Fasting might seem a grim topic in the midst of the Orange County Fair, beach picnics and the start of the Olympic Games. But highly observant Jews took part last weekend in Tisha B'Av, a 25-hour fast from food and drink to mark the destruction of the first and second Jewish temples (in 586 B.C. and A.D. 70) and, secondarily, the many other misfortunes that have befallen the Jewish people, especially the Holocaust. The other 25-hour fast for Jews is the more familiar Day of Atonement or Yom Kippur on Sept. 26 this year.
However, Jews will not be alone this summer in observing a fast: Ramadan, the lunar month sun-up-to-sundown fast for Muslims began July 21.
While the Jewish calendar is lunar-solar (adding leap months periodically to keep the Jewish New Year and Yom Kippur always in fall and Passover in spring), Islam's is completely lunar.
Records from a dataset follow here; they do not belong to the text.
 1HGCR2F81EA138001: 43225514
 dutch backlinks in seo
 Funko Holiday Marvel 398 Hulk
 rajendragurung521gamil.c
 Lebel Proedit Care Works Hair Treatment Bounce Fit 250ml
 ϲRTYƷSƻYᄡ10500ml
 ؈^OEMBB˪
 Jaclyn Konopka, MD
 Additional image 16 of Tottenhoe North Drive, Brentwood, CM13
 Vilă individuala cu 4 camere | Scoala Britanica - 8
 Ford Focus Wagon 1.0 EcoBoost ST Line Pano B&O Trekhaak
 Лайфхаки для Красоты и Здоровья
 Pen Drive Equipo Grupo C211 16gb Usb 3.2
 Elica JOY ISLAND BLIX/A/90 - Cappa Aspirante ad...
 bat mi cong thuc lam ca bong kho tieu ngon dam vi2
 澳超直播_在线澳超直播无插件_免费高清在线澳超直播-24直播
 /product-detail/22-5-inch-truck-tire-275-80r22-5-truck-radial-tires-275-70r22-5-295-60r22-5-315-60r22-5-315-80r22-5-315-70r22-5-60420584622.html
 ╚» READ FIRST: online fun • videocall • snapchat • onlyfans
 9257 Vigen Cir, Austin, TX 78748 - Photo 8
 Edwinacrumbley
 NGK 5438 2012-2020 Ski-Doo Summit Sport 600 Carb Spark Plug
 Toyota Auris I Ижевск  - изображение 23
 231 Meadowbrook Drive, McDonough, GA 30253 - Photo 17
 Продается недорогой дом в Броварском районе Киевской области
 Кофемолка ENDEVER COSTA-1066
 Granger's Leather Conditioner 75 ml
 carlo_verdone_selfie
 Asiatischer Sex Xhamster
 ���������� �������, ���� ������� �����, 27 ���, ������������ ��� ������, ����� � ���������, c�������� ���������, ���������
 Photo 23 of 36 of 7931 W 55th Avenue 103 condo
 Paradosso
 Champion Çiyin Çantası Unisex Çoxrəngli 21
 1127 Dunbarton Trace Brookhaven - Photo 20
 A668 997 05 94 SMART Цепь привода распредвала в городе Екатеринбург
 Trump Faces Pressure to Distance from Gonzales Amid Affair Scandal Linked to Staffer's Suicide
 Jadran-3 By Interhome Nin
Because it rotates around the solar calendar, this year's mid-summer Ramadan requires longer, hotter hours without food or drink. (Muslim law in most regions permits athletes competing in the Olympics to postpone their fasting.)
Fasting practices are less demanding in Christianity, mainly confined to Lent in the Roman Catholic and Orthodox traditions and quite rare in Protestantism, though monks and nuns have a more rigorous fasting schedule.
Is fasting medieval, a vestige of a world of extreme penitence that today is largely viewed as irrelevant, even masochistic?
President Lincoln did not think so in 1863 when he issued a proclamation making April 30 "a day of national humiliation, fasting and prayer … to confess our national sins, and to pray for clemency and forgiveness." With the Civil War ripping the country apart, prayer and fasting seemed a fitting response.
Congress in 1952 passed legislation declaring the first Thursday in May a National Day of Prayer, but with no mention of fasting.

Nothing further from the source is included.